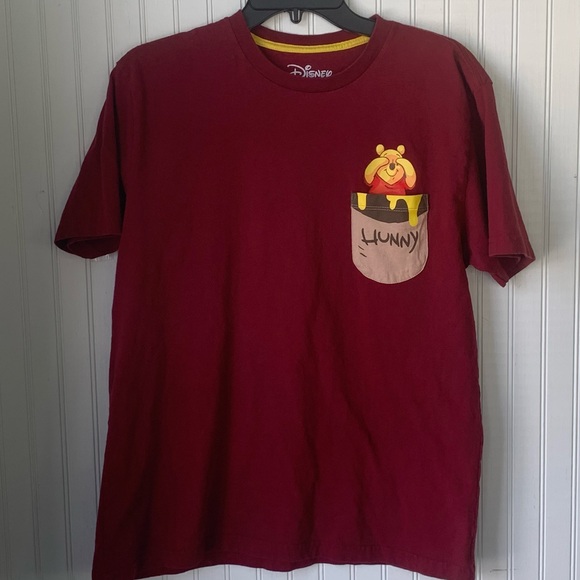 Disney Pooh (Large) T-Shirt, Short Sleeve, Maroon either Pooh on pocket - Picture 2 of 6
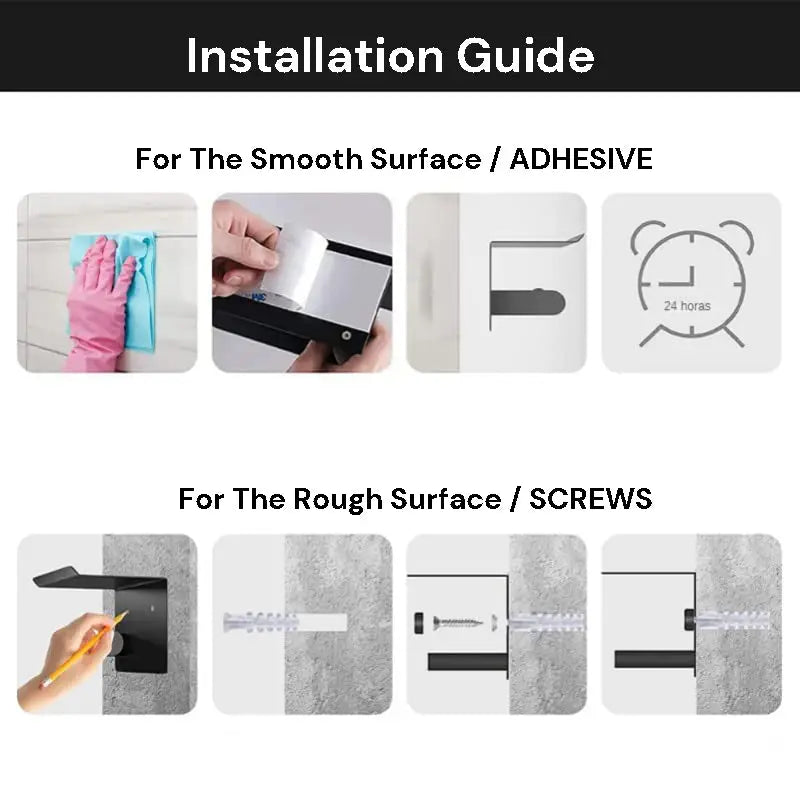 Kitchen Paper Holder Under Screw Wall Mount Adhesive Paper Towel Holder Rectangle Gold - Home & Garden > Bathroom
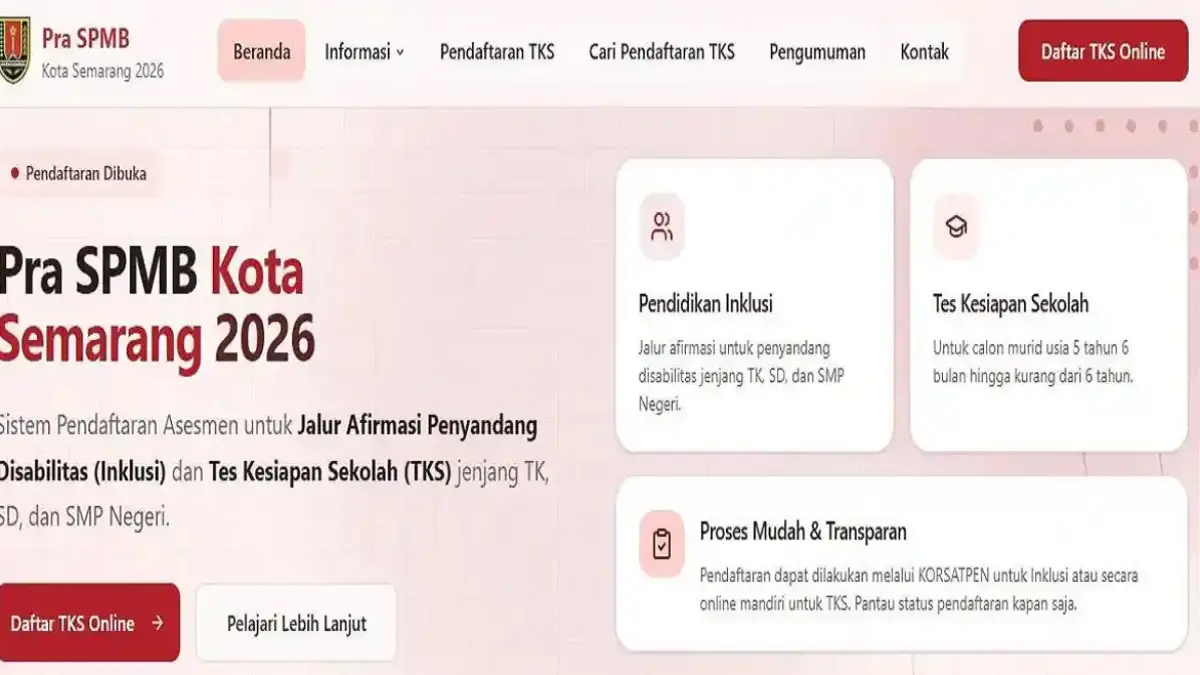 Pra SPMB Kota Semarang 2026 resmi dibuka. Simak syarat, jalur inklusi dan TKS, jadwal, serta cara daftar lengkap di sini.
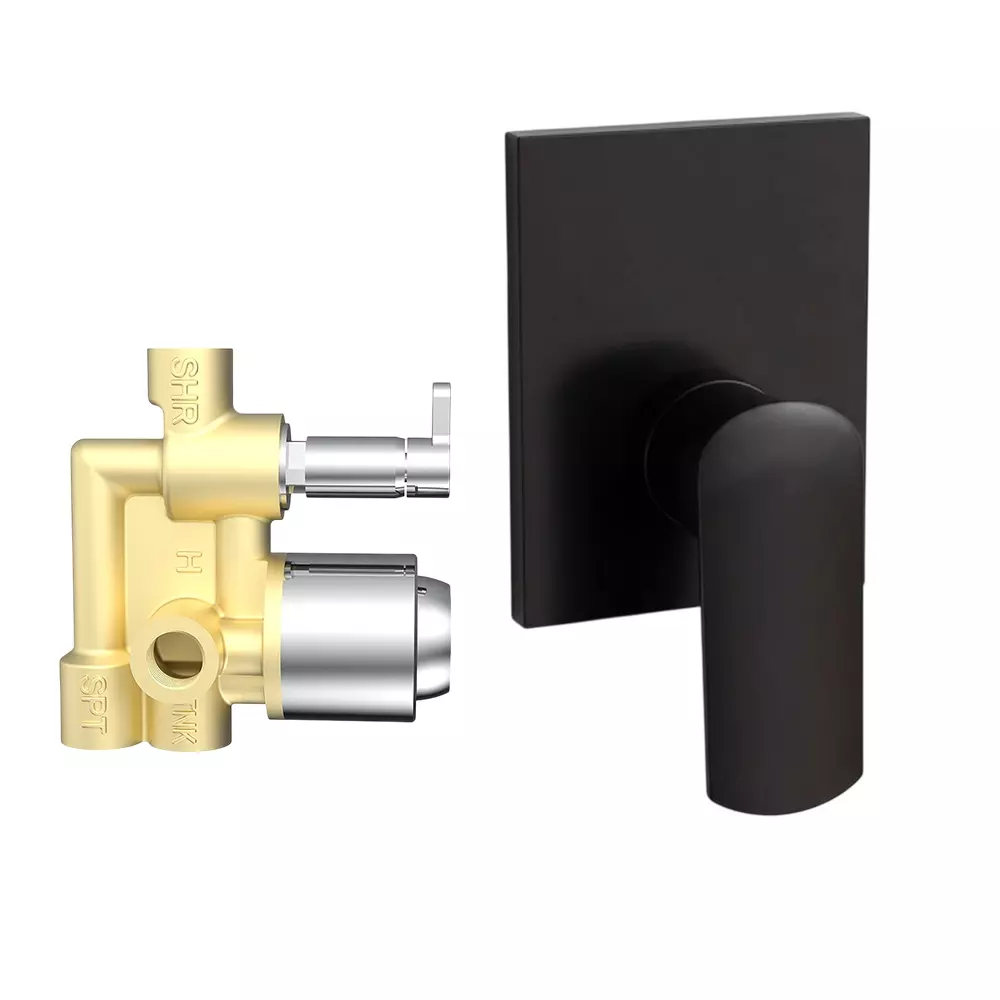 RN Solitaire Pro Black Collection Single Lever Expose & Concealed Part Kit 3 Inlet & 2 Outlet Diverter Body Hi Flow 5 Way Wall Mounted 3/2 Inch (40 mm) Size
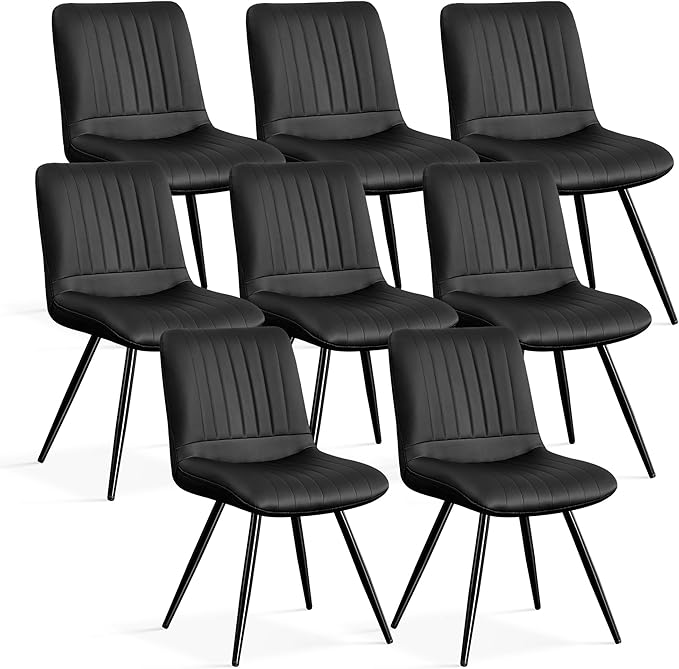 Dining Chairs Set of 8, Modern Dining Chairs with Thick Cushions, PU Leather ...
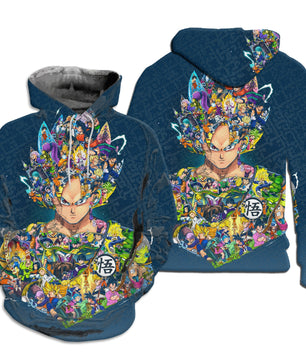 Dragon Ball Z Hoodie Goku Sweatshirt Jacket dbz Hoodie - Lusy Store LLC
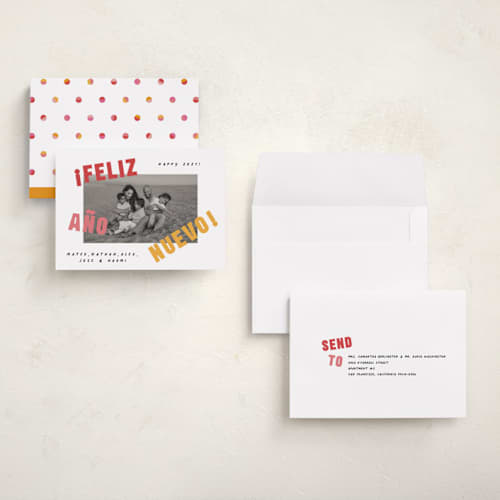 This is a sunset holiday photo cards with standard by Olivia Raufman called año nuevo printing on recycled smooth signature in grand
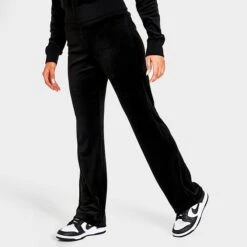 Women's Juicy Couture OG Big Bling Velour Track Pants Liquorice - 1100053A 041 -Fashion General Store 1100053A 041 M4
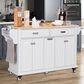 HOMLUX Kitchen Island with Rubber wood Countertop in White, , large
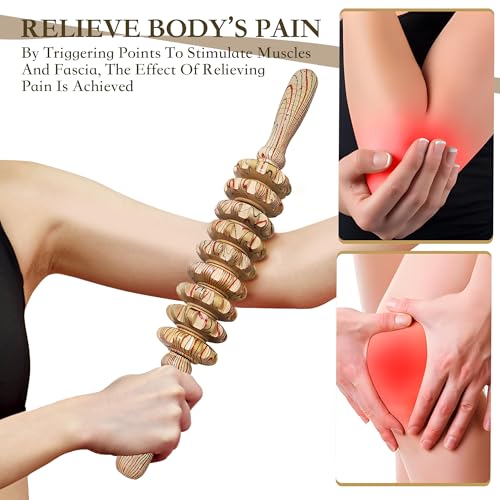 Manual Wood Therapy Massage Stick, Wooden Cellulite Muscle Roller for Legs - color: Wood Grain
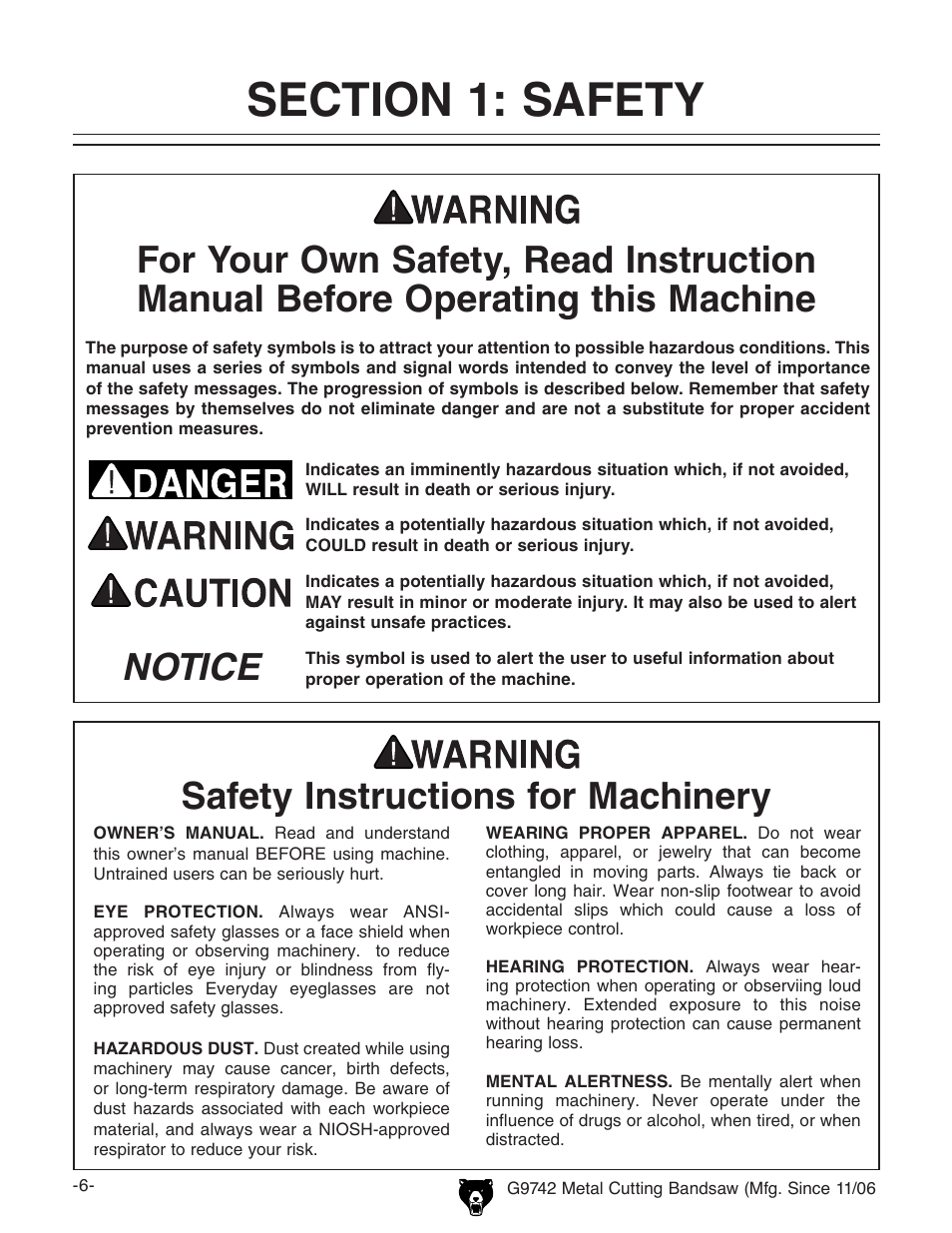 Notice, Safety instructions for machinery | Grizzly G9742 User Manual | Page 8 / 44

→ **What you should do**
From the first line above through the line containing "Dining Chairs Set", copy everything exactly, without the pictures.

→ **Response to the exercise**
 Disney Pooh (Large) T-Shirt, Short Sleeve, Maroon either Pooh on pocket - Picture 2 of 6
 Kitchen Paper Holder Under Screw Wall Mount Adhesive Paper Towel Holder Rectangle Gold - Home & Garden > Bathroom
 Pra SPMB Kota Semarang 2026 resmi dibuka. Simak syarat, jalur inklusi dan TKS, jadwal, serta cara daftar lengkap di sini.
 RN Solitaire Pro Black Collection Single Lever Expose & Concealed Part Kit 3 Inlet & 2 Outlet Diverter Body Hi Flow 5 Way Wall Mounted 3/2 Inch (40 mm) Size
 Dining Chairs Set of 8, Modern Dining Chairs with Thick Cushions, PU Leather ...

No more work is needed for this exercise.